Not true, I assured her. He hadn’t plagiarized anything, he had built something new, by synthesizing ideas and experiences to invent the next step, a step available to all of us.
It’s not my land. It’s ours. And no one is hunting… If anything, we’re farming, and all the cross-pollination going on helps everyone.
How dare we criticize an inventor or an author or a leader for, “stealing someone else’s ideas.” Ideas can’t be stolen, because ideas don’t get smaller when they’re shared, they get bigger.
It’s not my land. It’s ours. And no one is hunting… If anything, we’re farming, and all the cross-pollination going on helps everyone.
That’s one reason why the rise of patent trolling among otherwise upstanding innovators is so troubling. The patent troll uses the specter of long, drawn-out litigation to extort money from completely innocent entrepreneurs. The patent troll is selfish, spinning out untruths for personal profit — he belongs under a bridge somewhere, not on stage or on our bookshelf. The chilling effect of this mistaken understanding of the moral and legal implications of idea theft is huge.
What patent trolls won’t talk about, because they have no standing and no proof, is the fact that an expensive, bureaucratic patent system does nothing at all to increase the likelihood that new ideas will be created and most important, that new productivity will arise. Patents weren’t developed to protect ideas (ideas can’t be patented) but the specific execution of useful innovations.

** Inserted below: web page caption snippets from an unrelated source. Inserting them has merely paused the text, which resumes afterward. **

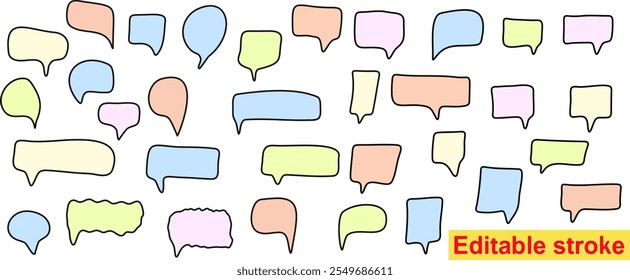 Speech bubbles of different colors drawn by hands
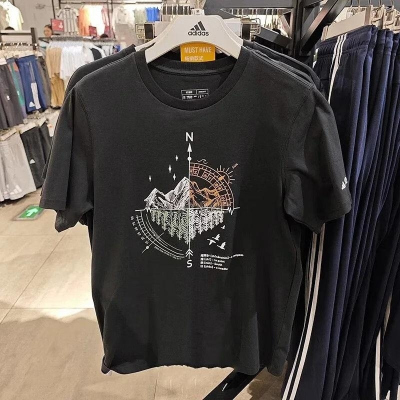 阿迪达斯 短袖男装 新款跑步运动服圆领休闲T恤 IU1263 D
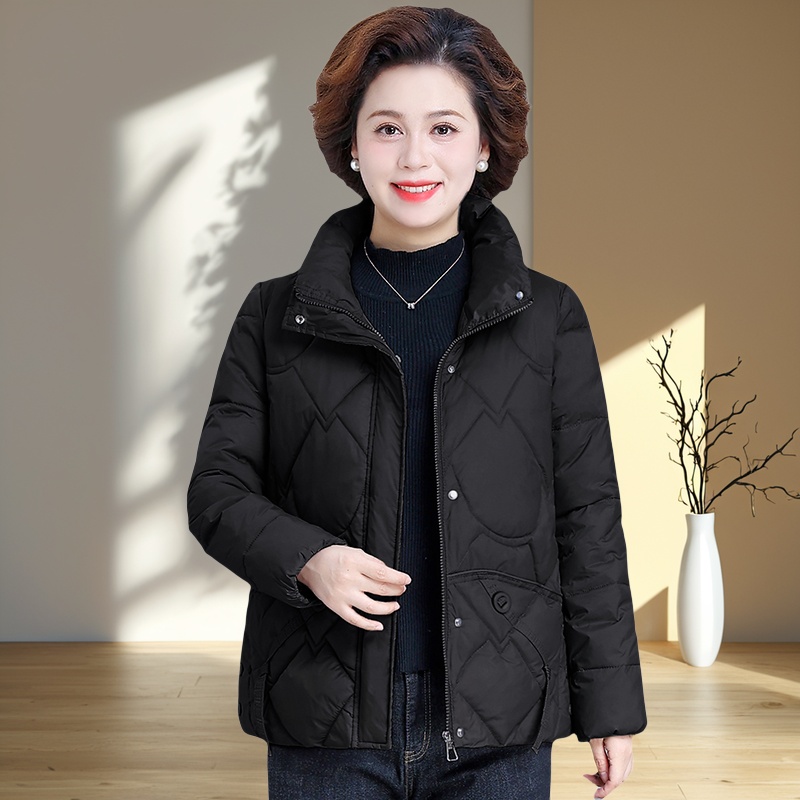 罗蒙妈妈冬装羽绒服女洋气2025中老年秋冬棉衣保暖国风棉袄外套女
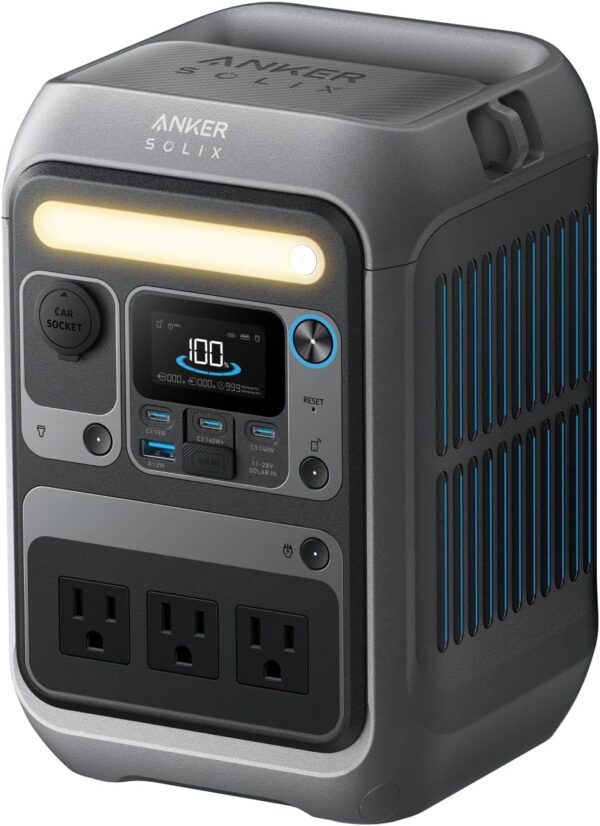 Anker Solar Generator SOLIX C300 with 60W Solar Panel, 288Wh Portable Power Station, 300W (600W Surge), LiFePO4 Battery, 140W Two-Way Fast...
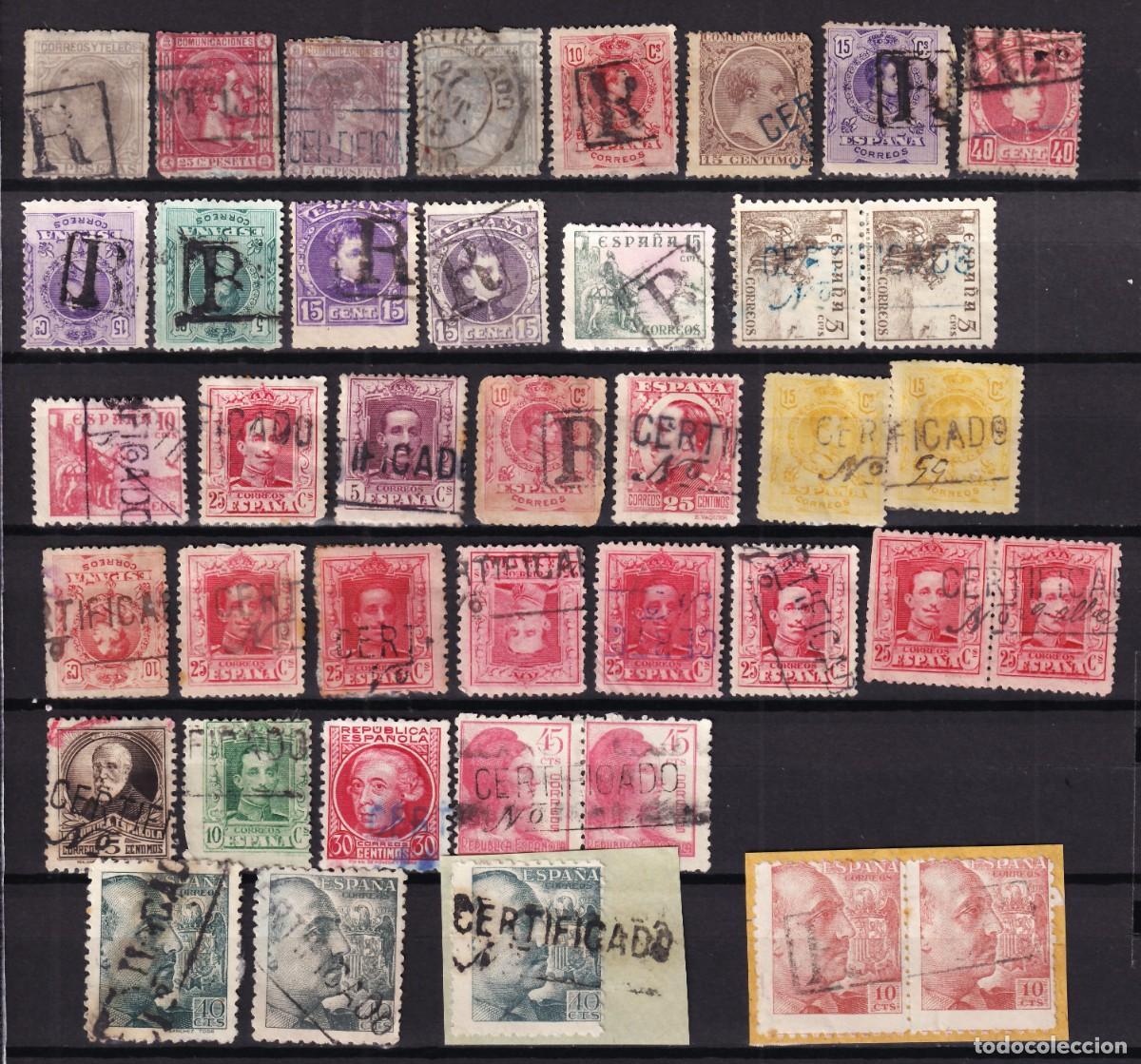 Sellos: ESPA&Ntilde;A, Conjunto de sellos, [Mat. &rdquo;CERTIFICADO&rdquo;.]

Trolls and their copyright-defending brethren would like to amplify a cultural shift, one that’s left over from the days of Henry Ford and Frank Sinatra. They’d like people to be afraid to steal ideas. We don’t need to shun those that steal ideas. We need to chastise those that think that this is a problem.

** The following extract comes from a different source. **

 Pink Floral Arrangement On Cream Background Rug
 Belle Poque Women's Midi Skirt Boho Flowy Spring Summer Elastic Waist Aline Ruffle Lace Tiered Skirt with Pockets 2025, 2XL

Matt Ridley has famously pointed out that no one knows how to make a computer mouse. You need the assembled talents of a metallurgist, a plastics specialist, someone in supply chain management, a software whiz, etc. The productivity of our generation isn’t the productivity of the efficient assembly line (that’s old school). No, our productivity is the productivity of connection.
The connection economy steps in just as the glory days of the industrial age begin to fade. The connection economy rewards coordination, sharing and trust. All three of which are built on our species’ unique ability to steal ideas.

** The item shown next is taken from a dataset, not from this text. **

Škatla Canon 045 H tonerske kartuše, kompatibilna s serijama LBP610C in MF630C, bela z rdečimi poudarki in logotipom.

The connection economy steps in just as the glory days of the industrial age begin to fade.
When two people meet on the dance floor, an exchange of ideas takes place. My move, your move. When two people play chess, they each get a little smarter. And when a chef joins another in the kitchen, the unspoken exchange of ideas moves the state of the art forward.
Is it theft to put raw fish on seasoned rice? What about serving a pizza grilled on coals without crediting Al Forno in Rhode Island? At what point can we stop calling it stealing and start calling it merely delicious?
There is, of course, a difference between stealing and passing off. When you pretend that those taken words are your words, you’re no longer taking an idea — you’re taking an implementation. When you pretend that you are the originator, the original source, and you’re not, you’ve corrupted your work by claiming authorship, when you are merely contributing synthesis. This hurts your reputation as well as the person you stole from, because our society values authorship and origination.
The amazing thing about giving credit, though, is you never run out. Like ideas, the more credit is shared, the more it can be worth, to the giver and to the recipient.
Last thing: With the ability to steal comes responsibility. Not just the responsibility to synthesize something better than what you started with, but the obligation to relentlessly seek out the next thing worth stealing. We’ve created a bucket line. Our economy is a long line of people handing ideas up and down the line, improving and customizing at each step. When you stop seeking and merely consume, you let us all down.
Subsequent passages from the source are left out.